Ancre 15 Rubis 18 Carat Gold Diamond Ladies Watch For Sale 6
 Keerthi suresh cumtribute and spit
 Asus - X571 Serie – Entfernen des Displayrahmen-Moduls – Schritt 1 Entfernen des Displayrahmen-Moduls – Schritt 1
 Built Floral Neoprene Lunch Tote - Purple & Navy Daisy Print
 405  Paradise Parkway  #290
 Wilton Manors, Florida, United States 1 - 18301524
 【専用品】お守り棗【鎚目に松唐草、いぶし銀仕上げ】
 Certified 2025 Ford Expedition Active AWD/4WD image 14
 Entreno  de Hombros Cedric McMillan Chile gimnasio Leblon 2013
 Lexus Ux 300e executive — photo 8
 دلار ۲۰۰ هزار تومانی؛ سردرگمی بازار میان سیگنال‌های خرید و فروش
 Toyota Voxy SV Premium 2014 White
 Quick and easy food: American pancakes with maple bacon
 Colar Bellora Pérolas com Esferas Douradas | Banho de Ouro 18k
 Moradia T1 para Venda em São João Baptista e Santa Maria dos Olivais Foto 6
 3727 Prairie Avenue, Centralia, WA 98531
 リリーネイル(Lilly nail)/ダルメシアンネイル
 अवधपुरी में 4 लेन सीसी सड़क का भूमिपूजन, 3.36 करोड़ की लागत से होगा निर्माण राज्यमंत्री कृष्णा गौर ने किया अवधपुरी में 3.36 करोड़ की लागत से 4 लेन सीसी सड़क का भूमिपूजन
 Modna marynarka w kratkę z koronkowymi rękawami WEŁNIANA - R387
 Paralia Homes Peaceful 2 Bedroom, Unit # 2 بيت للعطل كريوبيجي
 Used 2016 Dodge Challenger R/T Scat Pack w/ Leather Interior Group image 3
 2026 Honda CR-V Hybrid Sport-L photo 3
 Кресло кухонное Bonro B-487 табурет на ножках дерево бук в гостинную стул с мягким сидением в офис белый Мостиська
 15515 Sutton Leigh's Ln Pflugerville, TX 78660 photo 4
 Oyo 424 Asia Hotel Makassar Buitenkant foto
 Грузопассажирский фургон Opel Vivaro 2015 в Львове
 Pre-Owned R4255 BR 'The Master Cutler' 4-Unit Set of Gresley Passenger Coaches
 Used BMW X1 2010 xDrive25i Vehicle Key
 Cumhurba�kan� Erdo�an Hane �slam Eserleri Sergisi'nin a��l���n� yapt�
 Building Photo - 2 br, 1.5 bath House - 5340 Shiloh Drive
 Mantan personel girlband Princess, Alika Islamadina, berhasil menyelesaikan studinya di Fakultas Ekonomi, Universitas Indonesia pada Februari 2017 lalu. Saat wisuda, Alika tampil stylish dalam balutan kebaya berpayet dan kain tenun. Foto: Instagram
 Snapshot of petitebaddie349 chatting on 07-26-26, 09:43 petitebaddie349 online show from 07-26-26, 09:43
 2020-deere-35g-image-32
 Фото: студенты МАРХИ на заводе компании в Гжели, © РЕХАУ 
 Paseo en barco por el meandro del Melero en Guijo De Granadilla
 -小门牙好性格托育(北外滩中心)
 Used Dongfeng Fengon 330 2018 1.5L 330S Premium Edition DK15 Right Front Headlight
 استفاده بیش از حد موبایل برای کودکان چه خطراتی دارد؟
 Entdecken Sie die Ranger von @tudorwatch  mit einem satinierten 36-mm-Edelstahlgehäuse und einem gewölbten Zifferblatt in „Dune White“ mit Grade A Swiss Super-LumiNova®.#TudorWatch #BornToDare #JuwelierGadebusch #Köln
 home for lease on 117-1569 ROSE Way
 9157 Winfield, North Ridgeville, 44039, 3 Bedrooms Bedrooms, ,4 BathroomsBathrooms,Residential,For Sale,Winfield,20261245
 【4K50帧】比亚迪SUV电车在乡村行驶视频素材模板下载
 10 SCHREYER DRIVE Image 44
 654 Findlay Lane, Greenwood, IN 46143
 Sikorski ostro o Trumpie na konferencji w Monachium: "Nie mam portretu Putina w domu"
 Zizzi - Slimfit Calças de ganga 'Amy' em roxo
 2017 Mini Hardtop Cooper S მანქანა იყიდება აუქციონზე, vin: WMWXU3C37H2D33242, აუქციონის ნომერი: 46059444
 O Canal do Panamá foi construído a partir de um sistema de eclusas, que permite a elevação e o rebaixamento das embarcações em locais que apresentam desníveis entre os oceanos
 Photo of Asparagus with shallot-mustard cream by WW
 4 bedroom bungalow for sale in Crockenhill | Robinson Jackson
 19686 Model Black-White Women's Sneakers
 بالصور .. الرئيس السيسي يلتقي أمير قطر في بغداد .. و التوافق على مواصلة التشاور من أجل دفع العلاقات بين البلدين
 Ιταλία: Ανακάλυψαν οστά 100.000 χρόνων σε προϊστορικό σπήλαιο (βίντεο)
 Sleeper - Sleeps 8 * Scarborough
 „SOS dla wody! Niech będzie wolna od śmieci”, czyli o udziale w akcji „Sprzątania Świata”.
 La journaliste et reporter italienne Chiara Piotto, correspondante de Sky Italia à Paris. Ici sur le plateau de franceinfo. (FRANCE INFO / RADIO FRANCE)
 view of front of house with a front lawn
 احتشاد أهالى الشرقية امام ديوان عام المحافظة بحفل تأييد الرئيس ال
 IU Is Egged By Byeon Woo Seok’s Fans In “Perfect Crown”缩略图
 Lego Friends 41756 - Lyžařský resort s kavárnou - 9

— Required action —
Filter the listing above so that only lines holding the word "with" remain, and report those lines.

— Result of the task —
 Quick and easy food: American pancakes with maple bacon
 Photo of Asparagus with shallot-mustard cream by WW
 view of front of house with a front lawn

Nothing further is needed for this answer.